To wrap it all up, the summary of the proposed method is outlined in Algorithm 4 under the function \({\textbf {PropGlobalStiffness}}\). In order to reduce as much as possible memory usage, some variables are emptied at certain points throughout the execution (see lines 13151826 and 27).

Algorithm 4
figure d

Proposed algorithm for computing the stiffness matrix \(\mathcal {K}_g\)

For sake of simplicity, some lines in the above algorithm have intentionally been omitted particularly those related to the retrieval of mesh data (nelndm,  etc.) from the structure array \(FE\_model\) using dot notation syntax (e.g., \( \texttt {nel\ =\ FE\_model.nel}\)).

3.2 Extension of the proposed vectorized algorithm for other types of problems

3.2.1 For functionally graded materials

Recalling that in the case of functionally graded materials, there is a spatial variation of material properties due to spatial changes in the material’s composition and/or microstructure. Basically, Young’s modulus E and/or Poisson’s ratio can be described as a function of the position of the observation point \(M \in \Omega \). So, is the elasticity tensor \(\mathcal {C}\left( M\right) \) such that the constitutive behavior reads as

$$\begin{aligned} \sigma =\mathcal {C}\left( M\right) :\varepsilon \end{aligned}$$
(3.11)

The numerical calculation of the element stiffness matrix within such materials is quite straightforward after computing the element elasticity tensor at the current Gauss quadrature point g. Knowing that the spatial position of each Gauss quadrature point can be computed from element nodal coordinates using shape functions as given in Eq. (3.12)

$$\begin{aligned} x^{(e)}_g=\sum ^{n}_{i=1}{N_i{x}^{(e)}_i}={\mathcal {N}_{e}}{{x}}_e;\qquad y^{(e)}_g=\sum ^{n}_{i=1}{N_i{y}^{(e)}_i}={\mathcal {N}_{e}}{{y}}_e;\qquad z^{(e)}_g=\sum ^{n}_{i=1}{N_i{z}^{(e)}_i}={\mathcal {N}_{e}}{{z}}_e \end{aligned}$$
(3.12)

Owing to the fact that the spatial expression of E and/or \(\nu \) is a known parameter of the problem, E and/or \(\nu \) at the current Gauss point g can be computed in 3D as per Eq. (3.13)

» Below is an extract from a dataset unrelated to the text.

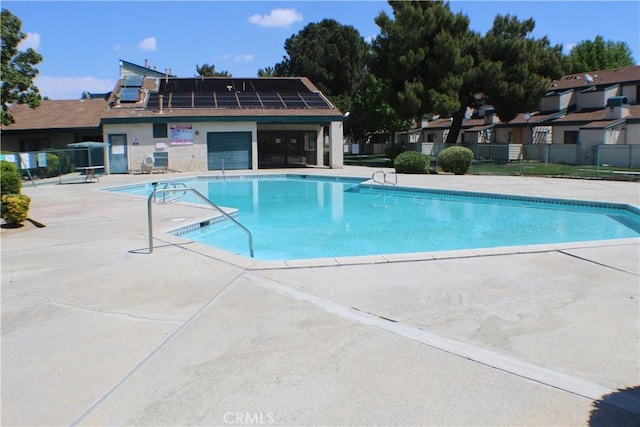 community pool with fence and a patio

$$\begin{aligned} E\left( M_g\right) =E\left( x^{(e)}_g,y^{(e)}_g,z^{(e)}_g\right) ;\qquad \nu \left( M_g\right) =\nu \left( x^{(e)}_g,y^{(e)}_g,z^{(e)}_g\right) \end{aligned}$$
(3.13)

For a basic illustration of the current vectorized algorithm, let us assume a case with \(\nu \) constant, \(E\left( M\right) \) varying with respect to x and considering a state of plane stress, the elasticity tensor is given in 3D by the expression

$$\begin{aligned} \mathcal {C}\left( M_g \right) =\frac{E\left( M_g\right) }{\left( 1+\nu \right) \left( 1-2\nu \right) }\left[ \begin{array}{cccccc} 1-\nu &{}\nu &{}\nu &{}0&{}0&{}0\\ \nu &{} 1-\nu &{} \nu &{}0&{}0&{}0\\ \nu &{}\nu &{} 1-\nu &{}0&{}0&{}0\\ 0&{} 0&{}0&{}\frac{1}{2}\left( 1-2\nu \right) &{}0&{}0 \\ 0&{}0&{}0&{}0&{}\frac{1}{2}\left( 1-2\nu \right) &{}0\\ 0&{}0&{}0&{}0&{}0&{} \frac{1}{2}\left( 1-2\nu \right) \\ \end{array}\right] \end{aligned}$$
(3.14)

or simply

$$\begin{aligned} \mathcal {C}\left( x \right) =E\left( x\right) \mathcal {C}_b \end{aligned}$$
(3.15)

where \(\mathcal {C}_b\) is the material tensor for a unit Young’s modulus. \(E\left( x\right) \) at the Gauss point g for all elements of the model is computed using a single command

$$\begin{aligned} E\left( x_g \right) =\texttt {pagetimes}(E\left( \texttt {pagetimes} \left( Pts\left( 1,:,:\right) ,Ng\right) \right) ,\mathcal {C}_b ) \end{aligned}$$
(3.16)

In the previous expression, the user defines the analytical expression of \(E\left( x\right) \) using MATLAB function handle. Ng is a column vector of the element nodal shape function at the current integration point. Following this same token, the material tensor of any functionally graded material can be calculated in a vectorized manner without much effort. Provided the analytical expression of \(E\left( x\right) \) and/or \(\nu \left( x\right) \) is known in advance.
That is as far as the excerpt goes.